Charles Devlin, at the time a judge overseeing guardianship cases in Westchester County, traveled to the state capital to lobby for the members of this largely invisible constituency, who are often tucked away in nursing homes and other facilities, far from public view. Specifically, he advocated for the creation of a role of public guardian, a state-funded entity to care for New York’s most vulnerable.

The meetings didn’t go well. “New York state was not interested,” Devlin recalled in an interview. “They said, ‘Nope, sorry, goodbye.’”

In the years since, others have made similar trips, sounding alarms about New York’s overtaxed guardianship system, which now covers 28,600 people statewide — 60% of whom live in New York City. But state lawmakers have done little in response.

Today the system is in shambles, a ProPublica investigation published earlier this month found. There are not enough guardians to serve the needs of the “unbefriended,” nor are there enough overseers to check guardians’ work. And the quality of the care provided by the groups that do cater to this vulnerable population can be shockingly poor.

For example, the organization featured in the ProPublica report, New York Guardianship Services, placed one of its wards in a dilapidated, rat-infested Queens home for years, often without heat, taking $450 a month from her meager income as compensation while ignoring her complaints, according to interviews and internal records. She was one of about 400 wards who relied on the company to manage their financial and personal affairs. A company executive said he couldn’t answer questions about any specific ward, adding in a statement that NYGS is “accountable to the Court and our annual accounts and reports are scrutinized by Court appointed examiners and any issues would be addressed.” He also said our story was inaccurate but provided no details.

Experts say there are fixes policymakers can and should make to close the gap between Article 81’s promise and its practice. Here are six.

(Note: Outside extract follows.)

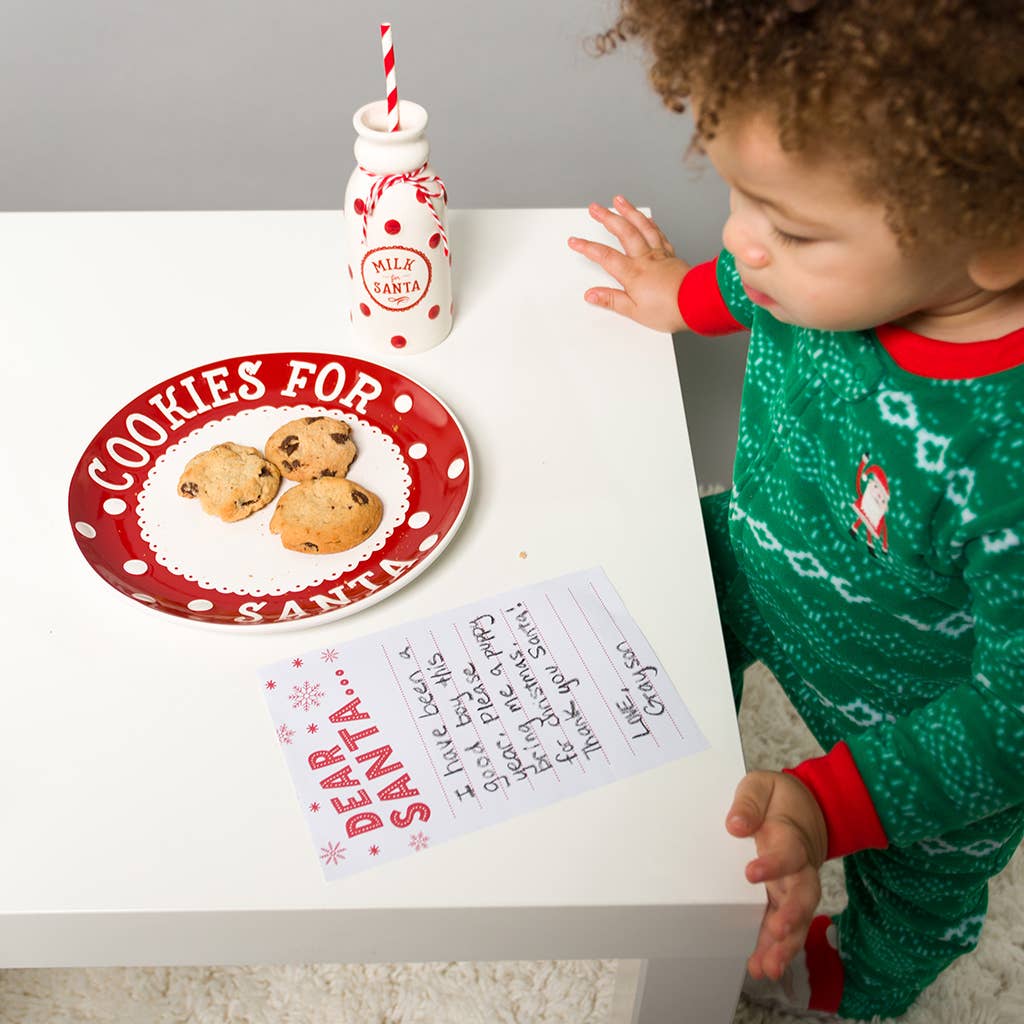 Santa Christmas Cookie Plate, Milk Jug, & Letter Holiday Set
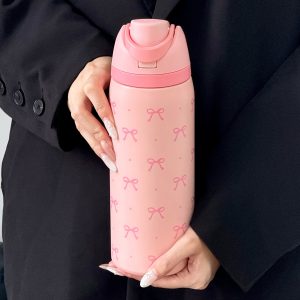 32Oz Cute Polka Dot Bow Print Stainless Steel Insulated Water Bottle - Portable Travel Cup for Hot & Cold Drinks, Easy to Clean, Perfect Gift for Christmas, Valentine'S Day, Back to School, Thanksgiving, Mother'S Day, And Birthdays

As Arthur Diamond, then the supervising guardianship judge in Nassau County, bluntly put it to lawmakers in 2018: “It’s very, very sad that the state of New York has not been able to find a way to take care of this population.”

Following the roundtable where Diamond spoke, the state Legislature awarded Nassau and Suffolk counties $250,000 each to run pilot programs to find guardians for those without the means to pay for them. But the funding wasn’t renewed, and the state has not established a dedicated financing stream to cover the costs of guardianships for thousands of poor New Yorkers. Meanwhile, two of the organizations in the small nonprofit network that serves as the backbone of the system abruptly shuttered due to financial hardship.

Guardianship Access New York, a coalition of nonprofits that’s seeking to improve guardianships, has proposed that the Legislature secure $15 million annually “in sustained funding that would comprehensively support guardianship services statewide.” Advocates say those guardians don’t have to be lawyers, as traditionally has been the case, and should include social workers and other specialists familiar with the needs of the elderly and infirm.

Others have argued for the creation and funding of a separate public entity tasked with serving wards who have little or no money and nobody else to look after them. Some states, including Illinois and Delaware, have such an office, though experts warn they’re no panacea and without proper support and oversight can fail wards as easily as any other guardian can.

Prior to a small bump in 2019, examiner pay hadn’t been increased in 14 years, resulting in thin ranks of reviewers to ensure proper oversight of guardians. Lawyers make just a few hundred dollars per case annually — a feeble payday that they say isn’t worth the effort.

A recent judicial guardianship task force report has recommended a pay raise for examiners so that the courts can recruit an adequate bench. Today New York City has only 157 examiners to monitor the care and finances of more than 17,000 wards.

Experts say the system needs more court clerks too. These workers play a key role in the oversight process, reviewing examiners’ reports before passing them up to judges, who ultimately sign off on the paperwork. But Diamond and others have said that deep budget cuts to the courts from more than a decade ago drastically reduced the ranks of these employees. More than 400 people — including clerks — were laid off following state budget cuts in 2011. This funding, they said, should be restored.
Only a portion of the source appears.